The posterior distribution over the weights.

Return type:

MultivariateNormal

botorch.utils.gp_sampling.get_gp_samples(model, num_outputs, n_samples, num_rff_features=512)[source]

Sample functions from GP posterior using RFFs. The returned GenericDeterministicModel effectively wraps num_outputs models, each of which has a batch shape of n_samples. Refer get_deterministic_model_multi_samples for more details.

NOTE: If using input / outcome transforms, the gp samples must be accessed via the gp_sample.posterior(X) call. Otherwise, gp_sample(X) will produce bogus values that do not agree with the underlying model. It is also highly recommended to use outcome transforms to standardize the input data, since the gp samples do not work well when training outcomes are not zero-mean.

Parameters:
  • model (Model) – The model.

  • num_outputs (int) – The number of outputs.

  • n_samples (int) – The number of functions to be sampled IID.

  • num_rff_features (int) – The number of random Fourier features.

Returns:

A GenericDeterministicModel that evaluates n_samples sampled functions. If n_samples > 1, this will be a batched model.

Return type:

GenericDeterministicModel

Testing

class botorch.utils.testing.BotorchTestCase(methodName='runTest')[source]

Bases: TestCase

Basic test case for Botorch.

This
  1. sets the default device to be torch.device(“cpu”)

  2. ensures that no warnings are suppressed by default.

Create an instance of the class that will use the named test method when executed. Raises a ValueError if the instance does not have a method with the specified name.

device = device(type='cpu')
setUp(suppress_input_warnings=True)[source]

Hook method for setting up the test fixture before exercising it.

Parameters:

suppress_input_warnings (bool)

Return type:

None

assertAllClose(input, other, rtol=1e-05, atol=1e-08, equal_nan=False)[source]

Calls torch.testing.assert_close, using the signature and default behavior of torch.allclose.

Example output:

AssertionError: Scalars are not close!

Absolute difference: 1.0000034868717194 (up to 0.0001 allowed) Relative difference: 0.8348668001940709 (up to 1e-05 allowed)

Parameters:
  • input (Any)

  • other (Any)

  • rtol (float)

  • atol (float)

  • equal_nan (bool)

Return type:

None

class botorch.utils.testing.BaseTestProblemTestCaseMixIn[source]

Bases: object

test_forward()[source]
abstract property functions: Sequence[BaseTestProblem]
class botorch.utils.testing.SyntheticTestFunctionTestCaseMixin[source]

Bases: object

test_optimal_value()[source]
test_optimizer()[source]
class botorch.utils.testing.MultiObjectiveTestProblemTestCaseMixin[source]

Bases: object

test_attributes()[source]
test_max_hv()[source]
test_ref_point()[source]
class botorch.utils.testing.ConstrainedTestProblemTestCaseMixin[source]

Bases: object

test_num_constraints()[source]
test_evaluate_slack()[source]
class botorch.utils.testing.MockPosterior(mean=None, variance=None, samples=None, base_shape=None, batch_range=None)[source]

Bases: Posterior

Mock object that implements dummy methods and feeds through specified outputs

Parameters:
  • mean – The mean of the posterior.

  • variance – The variance of the posterior.
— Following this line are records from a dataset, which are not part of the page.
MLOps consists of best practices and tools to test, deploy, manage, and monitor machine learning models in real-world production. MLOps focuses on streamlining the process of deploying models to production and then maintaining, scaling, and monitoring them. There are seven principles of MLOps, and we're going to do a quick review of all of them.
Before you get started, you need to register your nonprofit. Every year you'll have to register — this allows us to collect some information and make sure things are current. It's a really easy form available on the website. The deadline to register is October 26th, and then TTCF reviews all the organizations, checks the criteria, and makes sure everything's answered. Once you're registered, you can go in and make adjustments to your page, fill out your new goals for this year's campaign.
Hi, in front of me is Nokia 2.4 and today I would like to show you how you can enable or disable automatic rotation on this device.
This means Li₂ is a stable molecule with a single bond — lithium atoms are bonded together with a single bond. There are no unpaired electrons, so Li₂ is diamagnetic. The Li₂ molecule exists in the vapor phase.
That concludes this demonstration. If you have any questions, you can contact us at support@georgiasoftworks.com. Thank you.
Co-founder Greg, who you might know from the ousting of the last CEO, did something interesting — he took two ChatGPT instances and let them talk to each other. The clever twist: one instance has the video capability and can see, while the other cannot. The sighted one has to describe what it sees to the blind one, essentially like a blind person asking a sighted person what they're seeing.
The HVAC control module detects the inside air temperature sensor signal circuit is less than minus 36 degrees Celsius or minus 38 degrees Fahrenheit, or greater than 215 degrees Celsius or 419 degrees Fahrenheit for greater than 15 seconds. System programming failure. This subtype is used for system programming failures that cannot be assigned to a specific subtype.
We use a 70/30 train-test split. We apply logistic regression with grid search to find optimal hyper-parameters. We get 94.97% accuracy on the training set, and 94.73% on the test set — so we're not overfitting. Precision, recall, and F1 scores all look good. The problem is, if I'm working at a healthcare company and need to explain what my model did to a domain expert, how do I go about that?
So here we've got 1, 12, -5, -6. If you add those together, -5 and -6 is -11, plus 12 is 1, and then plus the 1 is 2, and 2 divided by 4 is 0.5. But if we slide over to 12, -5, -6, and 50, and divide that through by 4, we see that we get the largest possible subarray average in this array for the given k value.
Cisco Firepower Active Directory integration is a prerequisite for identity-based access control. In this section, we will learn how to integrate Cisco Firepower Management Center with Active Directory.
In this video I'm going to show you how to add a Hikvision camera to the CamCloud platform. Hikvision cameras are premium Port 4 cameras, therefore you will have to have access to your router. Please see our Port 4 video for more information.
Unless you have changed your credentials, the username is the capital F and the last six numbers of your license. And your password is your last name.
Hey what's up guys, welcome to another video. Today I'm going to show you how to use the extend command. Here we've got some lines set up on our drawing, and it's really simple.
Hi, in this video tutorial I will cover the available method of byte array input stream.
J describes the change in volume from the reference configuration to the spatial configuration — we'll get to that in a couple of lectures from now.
  • samples – Samples to return from rsample, unless base_samples is provided.

  • base_shape – If given, this is returned as base_sample_shape, and also used as the base of the _extended_shape.

  • batch_range – If given, this is returned as batch_range. Defaults to (0, -2).

property device: device

The torch device of the distribution.

property dtype: dtype

The torch dtype of the distribution.

property batch_shape: Size
property base_sample_shape: Size

The base shape of the base samples expected in rsample.

Informs the sampler to produce base samples of shape sample_shape x base_sample_shape.

property batch_range: Tuple[int, int]

The t-batch range.

This is used in samplers to identify the t-batch component of the base_sample_shape. The base samples are expanded over the t-batches to provide consistency in the acquisition values, i.e., to ensure that a candidate produces same value regardless of its position on the t-batch.

property mean
property variance
rsample(sample_shape=None)[source]

Mock sample by repeating self._samples. If base_samples is provided, do a shape check but return the same mock samples.

Parameters:

sample_shape (Size | None)

Return type:

Tensor

rsample_from_base_samples(sample_shape, base_samples)[source]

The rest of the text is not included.